After listening to this podcast for a year and a half, i now thoroughly enjoy learning philosophy, and frequently talk about philosophical topics with friends.  I found the podcast to be far more enjoyable and informative than previous inquiries into the topic.  And the topic has gotten me to start reading primary works by Aristotle and Han Fei. 

Personally I also found that I am a little more contented with my ongoing life, and far less receptive to relativism (though i started doubting it prior).  I also am less argumentative, though that probably has nothing to do with my propensity to start a debate, and more due to greater insight durring debates (thanks Topics!)

Finally, surprising ways.  The podcast has inspired me to create a D&D character (2 now) that acts as a philosopher seeking to explain the ethics, physics, metaphysics, the nature of knowledge, and the nature of perception that pervades the D&D world.  I found this to be quite the entertaining character to play and it quite enjoyable to develop the theories. 

I also want to say that the comments are often very insightful, and that you are always very helpful in resolving my confusion on a topic when i have some.  A great example for insightful comments have been the debate you and Dave had on episode 140, as well as your attempt at refutation of relativism on the 20 rules page

Christiane on 13 November 2019

I am a German undergraduate

I am a German undergraduate student and very interested in ancient philosophy and the history of philosophy.
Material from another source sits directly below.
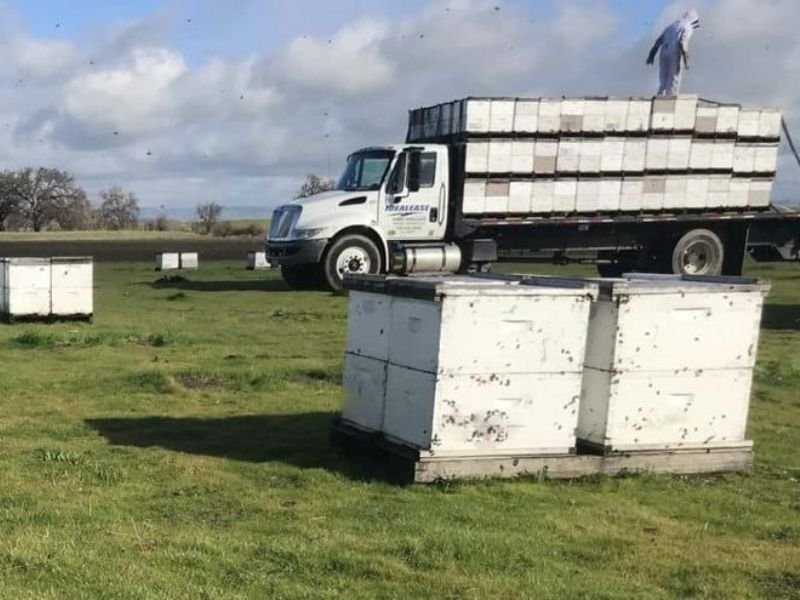 Camión blanco transportador de abejas y grandes colmenas en cajas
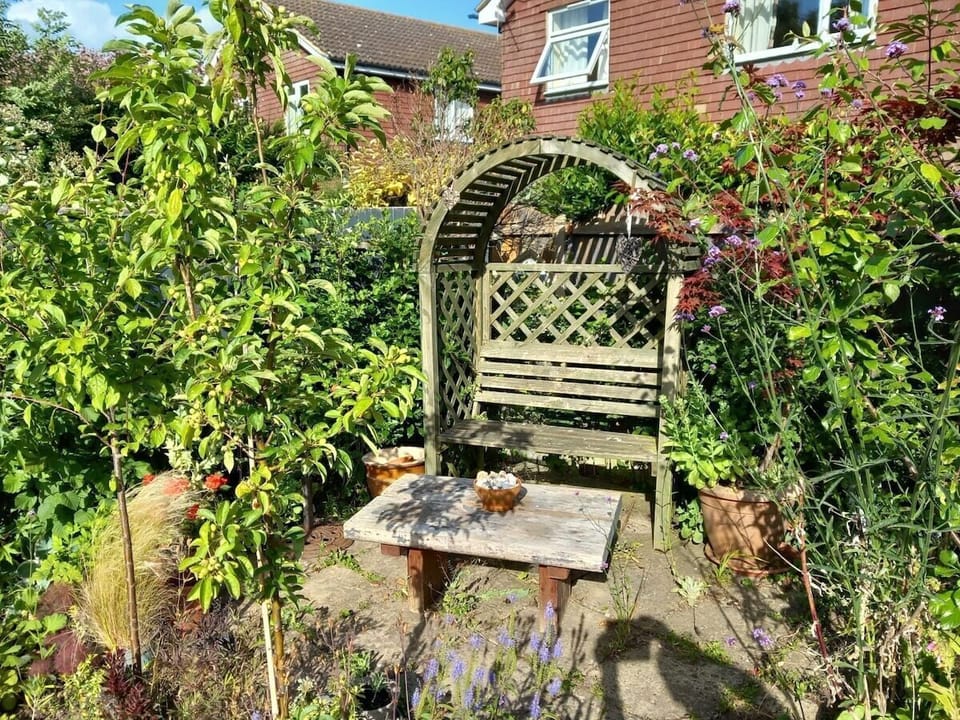 Back Garden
Unfortunately, there are not a lot of courses at my university that cover the philosophy of the presocratics, the later antiquity or let alone the Islamic world. (Well, actually there are next to none that cover the basics.) So, I am very thankful for this podcast. It helps to fill in the blanks and get the most important points before diving in deeper.
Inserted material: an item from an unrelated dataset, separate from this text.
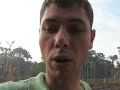 Amazônia: a árvore que você não viu Amazônia: a árvore que você não viu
I like to listen to the episodes especially after a long day of reading. It is nice when your eyes can rest for a change and you can lean back and just enjoy a good talk on philosophers and their thoughts about the world. Thanks a lot.

mehmet on 15 November 2019

The remarks below exclude

The remarks below exclude "africana", as I havent listened to that series.

HOPWAG is a marvel of a podcast. I think that Philosophy can only be learnt by studying its history, and when studying history of philosophy nothing can be more useful  than HOPWAG. It beats all competition in terms of (philosophy learnt) / (time spent) ratio. An added bonus is its broadness.. One may be amazed by the richness of ideas in Greek philosophy, but the amazement is doubled when very similar ideas show themselves up in the almost totally unrelated indian philosophy..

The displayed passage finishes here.